Luego no. A principios del siglo XX se fundó la primera sociedad abakuá con hombres de la raza blanca. Alberto Yarini, famoso chulo habanero del barrio San Isidro, era blanco y un abakuá respetado.
Yarini, una leyenda llevada al cine, fue acuchillado por asunto de mujeres a manos de un proxeneta francés. Después, y acorde a la multicolor sociedad cubana, la religión abakuá se convirtió en un abanico étnico.
Aunque de manera esporádica otros plantes aceptaban personas blancas, hasta 1959 sus miembros eran negros y mestizos. Gente sencilla que laboraba como estibadores en el puerto habanero o en otras faenas duras. También hubo abakuás entre artistas y músicos, como el percusionista Chano Pozo, quien solía tocar ritmos abakuás y yorubás. Chano fue encontrado muerto en una calle de Nueva York en 1948.
El padre de Benito era un abakuá de calibre. Él le enseñó el respeto al prójimo, a la familia y a las mujeres ajenas. “En estos tiempos tempestuosos, una parte de la Sociedad Secreta Abakuá se ha desvirtuado”.

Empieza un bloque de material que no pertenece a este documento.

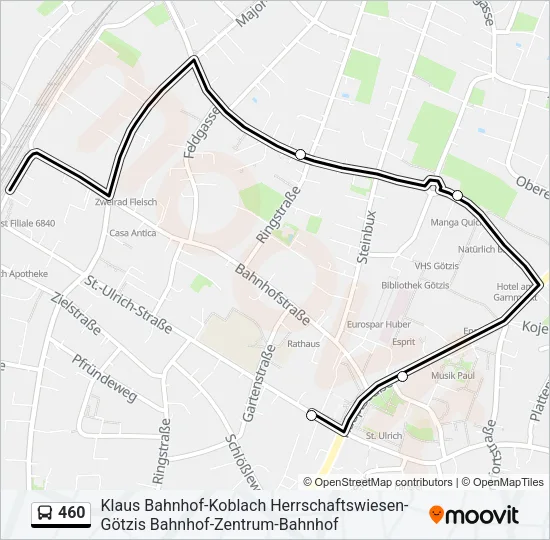460 Bus Line Map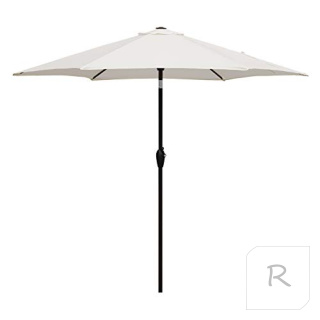 DUŻY PARASOL OGRODOWY SKŁADANY Z KORBĄ 270cm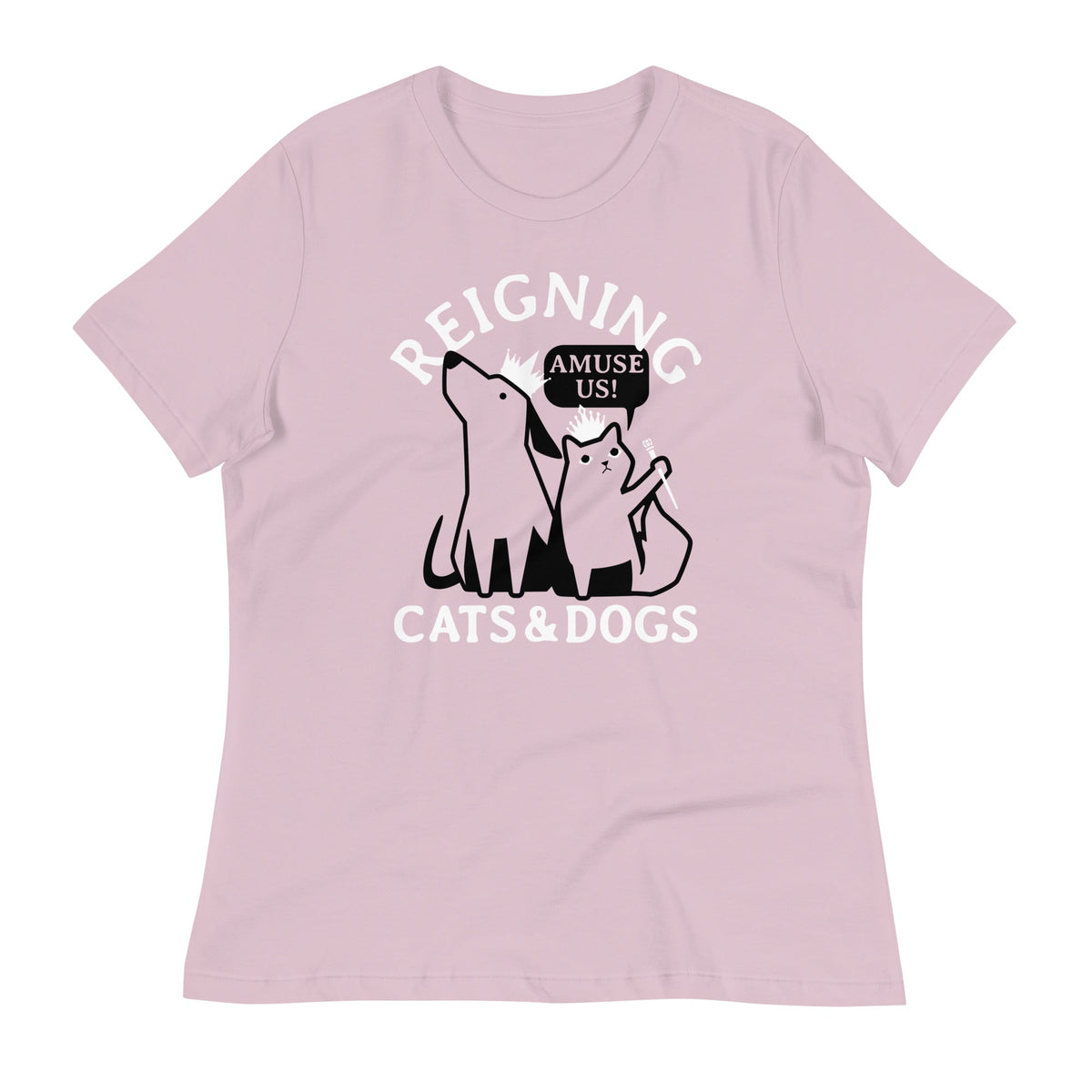Reigning Cats And Dogs Women's Signature Tee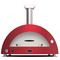 Moderno Line 5 Pizze LPG Gas Red
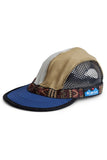 KAVU Capn Softbill Hat in the colour Storm Brew, shown from the side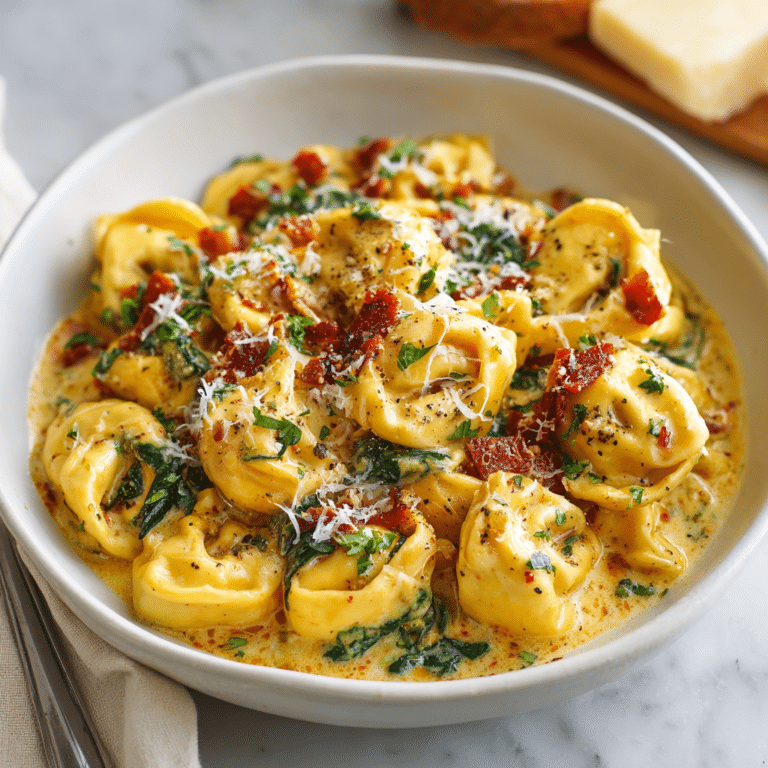 Creamy Brown Butter Tortellini with Sage and Parmesan Recipe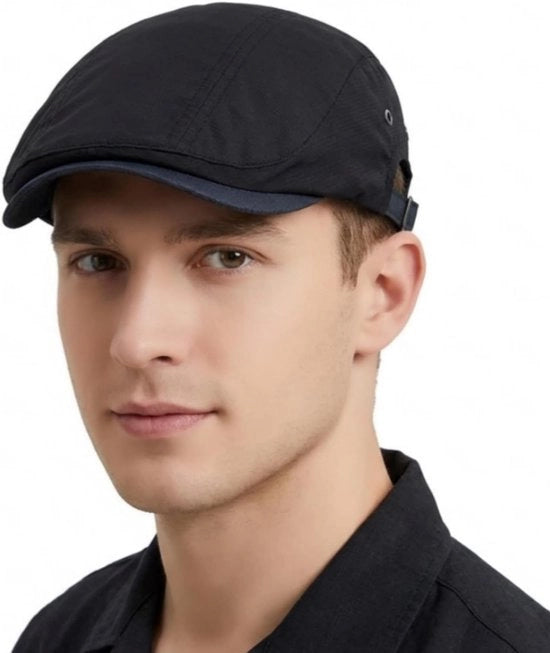 Cappello Pannolato Vintage per Uomo - Cappello Cabbie Adattabile, Ideale per Primavera e Estate, Accessorio Stiloso per Ogni Occasione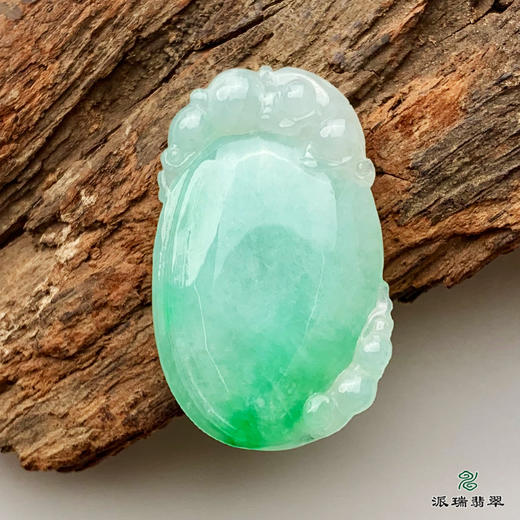 派瑞翡翠 翡翠挂件 冰糯种 绿色 商品图1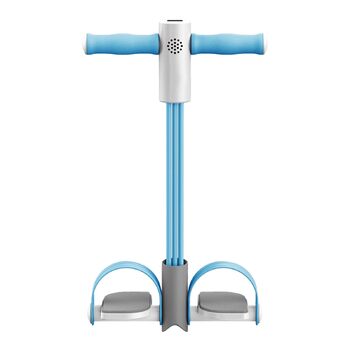 Еспандер для педалей, натяжний трос для педалей розумне обладнання для сидіння з 6 трубками, зручні стрічки для педалей, для тренувальних педалей, еспандер синього кольору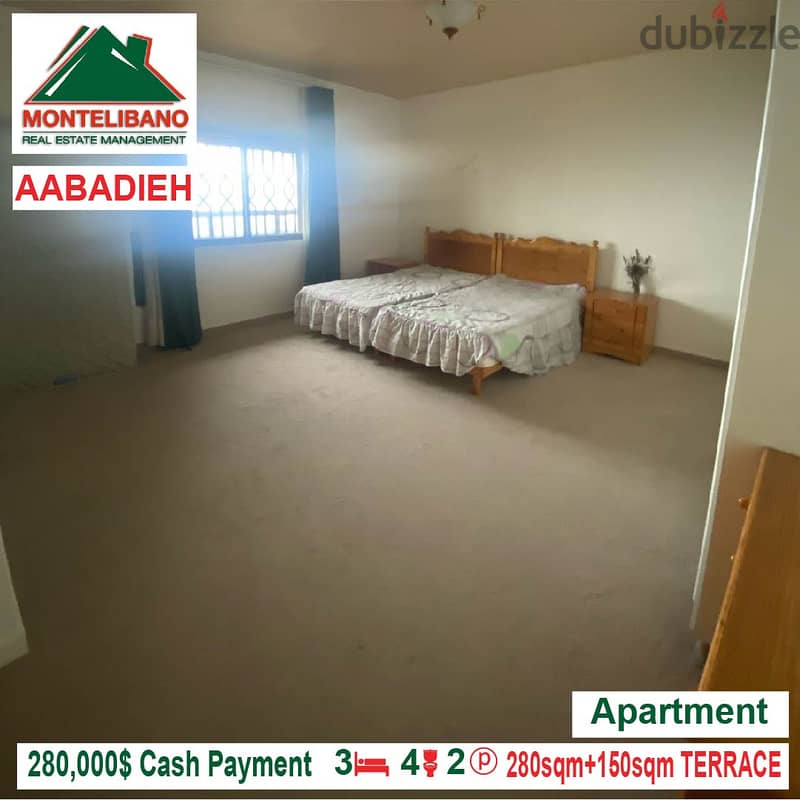 280,000$!! Apartment for sale located in Dhour El Aabadieh 7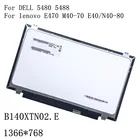 B140XTN02.E LTN140AT31 LP140WHU TPA1 M140NWRF для lenovo E470 M40-70 E40N40-80 DELL 5480 5488 EDP 30pin тонкий ЖК-экран для ноутбука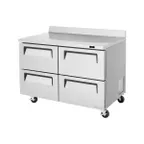 image of Turbo Air TWR-48SD-D4-N 48" 2-Section Worktop Refrigerator w/ 4 Drawers, 12 cu. ft.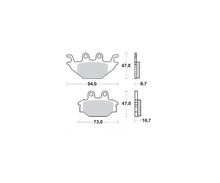 Motomaster bremseklodser til ATV  - Nitro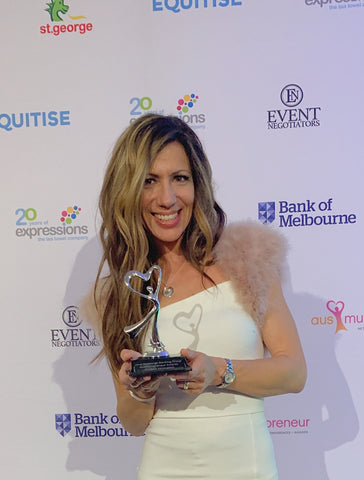 2nd place for product innovation at the Ausmumpreneur Awards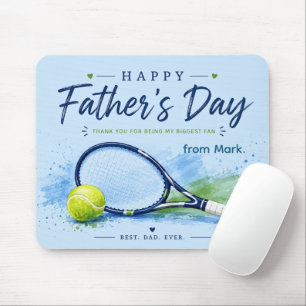 Tennis Father's Day with racket and ball for Dad Mouse Pad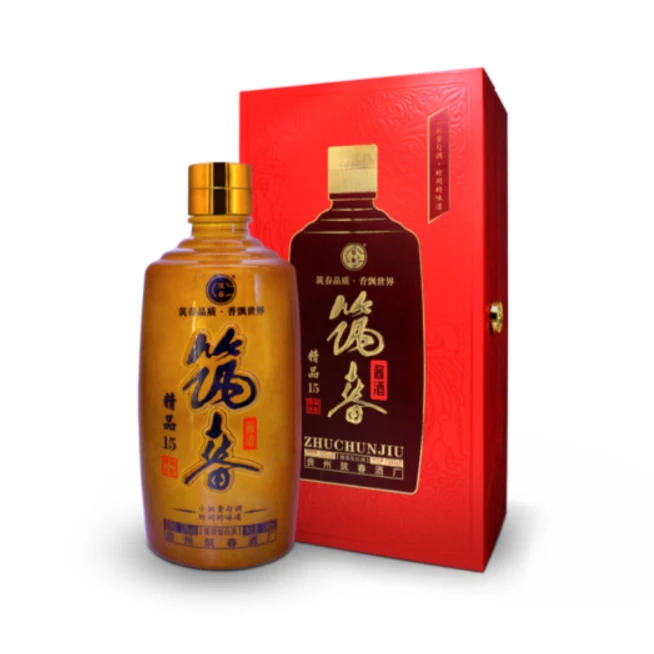 筑春精品15 酱香型白酒（飞哥专属）53度 500ml 纯粮食酒 53度500ml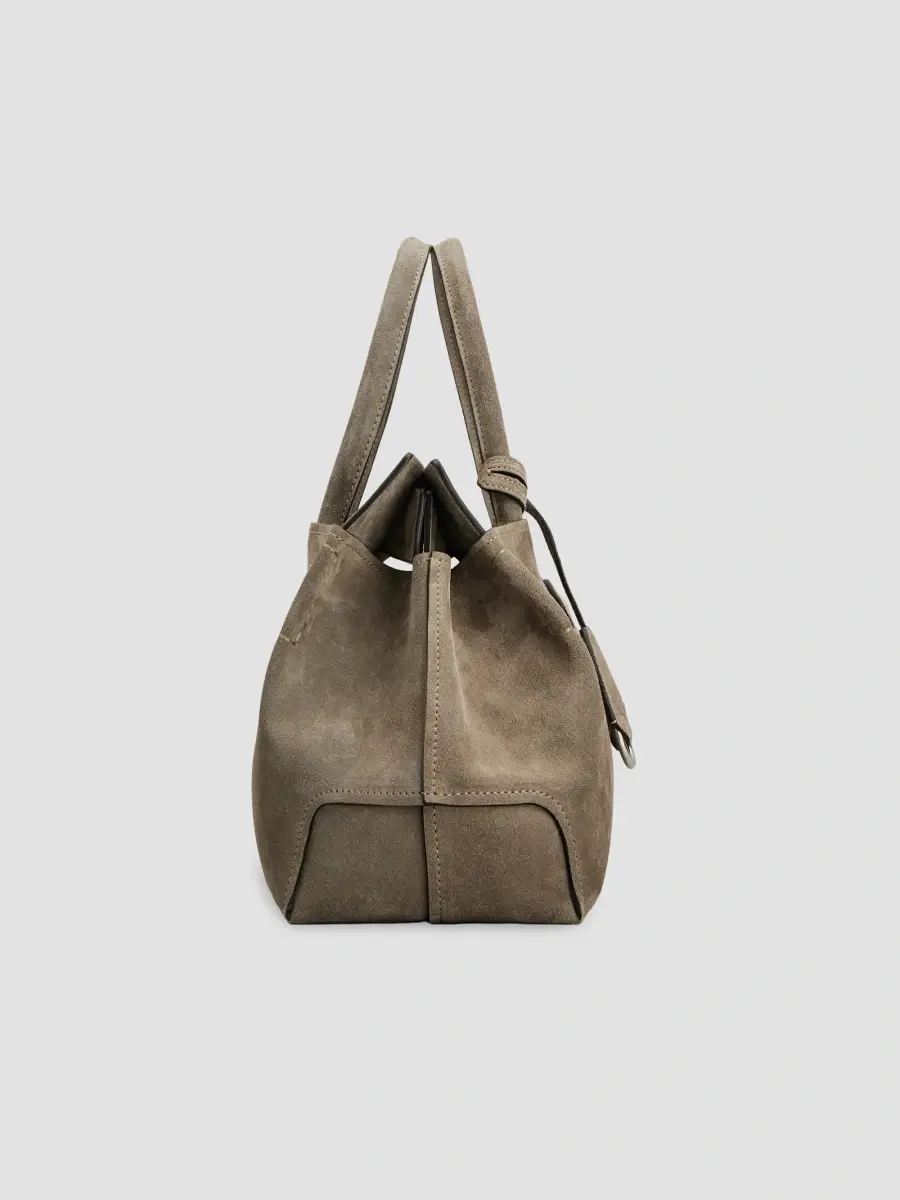 Tod's Women's Small Suede Small Shopper Tote Bag | Thumbnail 4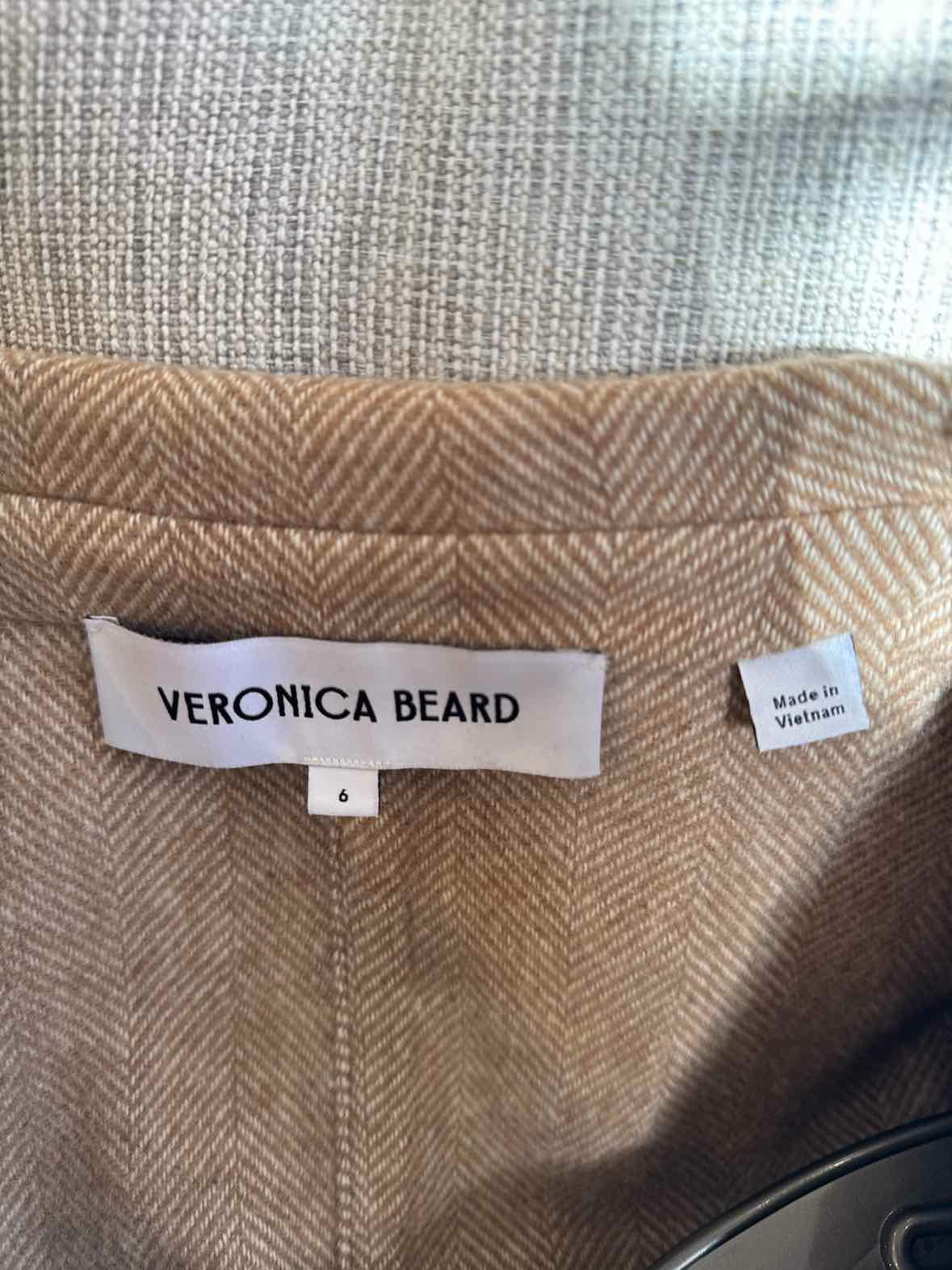 Women's Veronica Beard Size 6 Camel Blazer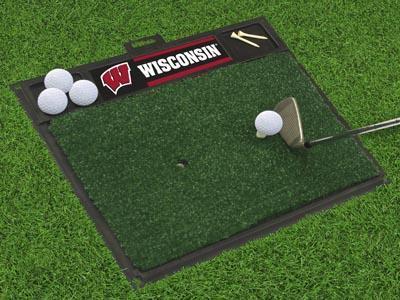 Golf Accessories NCAA Wisconsin Golf Hitting Mat 20" x 17"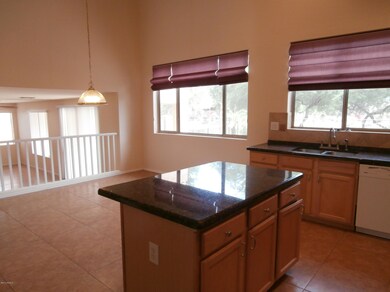 looking out of kitchen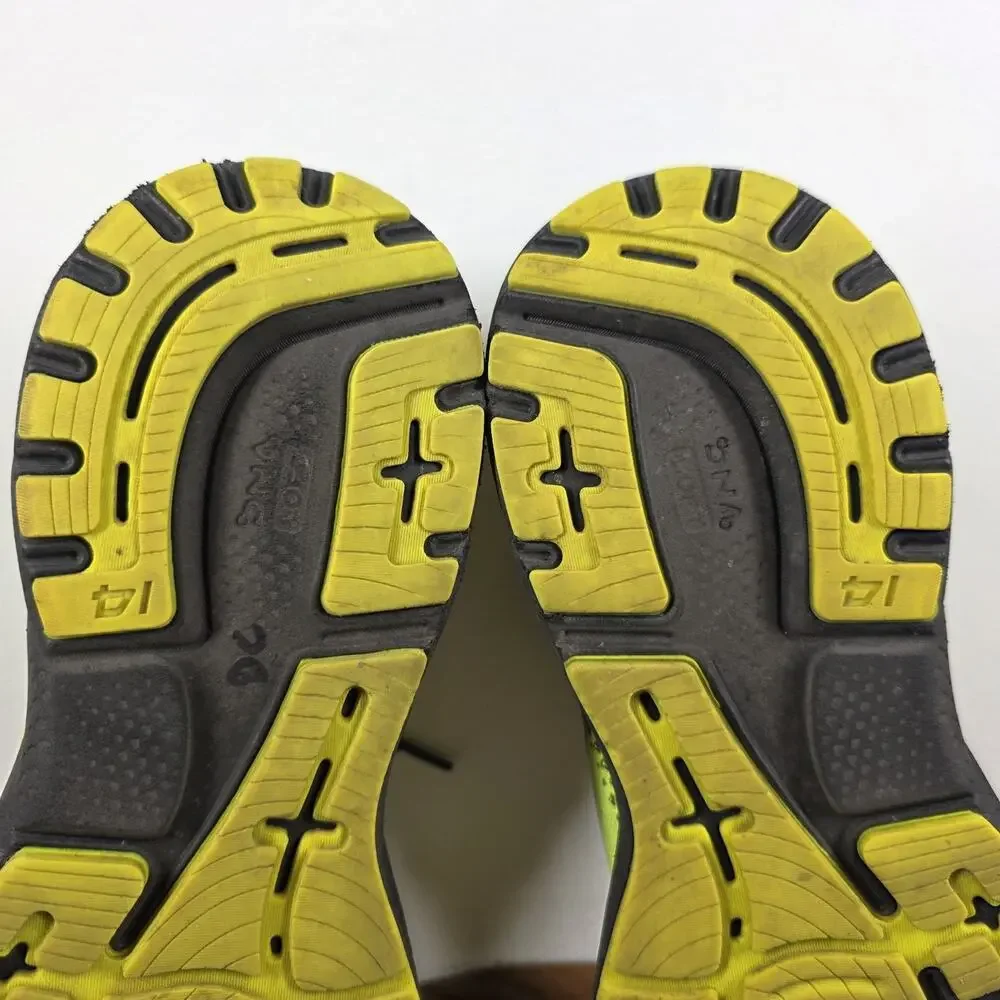 Brooks Ghost 14 Neon Yellow Mens Green Size 10 Low Top Running Shoes 1003691D770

“También el dinero es un elemento de peso. Tipos con mucha plata pagan para entrar a un plante. En el bajo mundo habanero, ser abakuá se ha convertido en sinónimo de hombre duro. Hay una legión de delincuentes peligrosos que son abakuás. En mi tiempo no era así”.
El viejo ‘ñáñigo’ se estira en su taburete de roble y rememora el pasado. “La buena conducta en la Sociedad era una norma. Sólo si el delito cometido era por cuestiones de honor, se aceptaba a personas que habían estado en la cárcel. Éste es un culto de valores, viril, pero que no está en guerra, ni se contradice con el respeto a las leyes y a quienes conviven con uno”.
Ahora todo es distinto, afirma. “Ya hasta en las cárceles hay plantes. Los templos parecen fiestas públicas. Asiste cualquiera. Es horroroso. Tipos que han apuñaleado a una anciana, desvalijado una casa o golpeado a mujeres, se creen con derecho a convertirse en abakuá”.
En los primeros años de revolución, la policía miraba con recelo y respeto a las sectas abakuá. “Ha habido sus tropiezos. Pero las autoridades no han tratado de entorpecer nuestras reuniones. Ha sido un trato distante, pero correcto”, acota este hombre con 63 años de pertenencia a una secta abakuá.
Otros seguidores de religiones afrocubanas concuerdan con él. Si hombres rectos y de honor no intentan darle un vuelco, la tradición abakuá, tan enraizada en la sociedad cubana, pudiera convertirse en un tinglado de maleantes de la peor catadura. “De hecho, ya lo es”, confiesa Benito.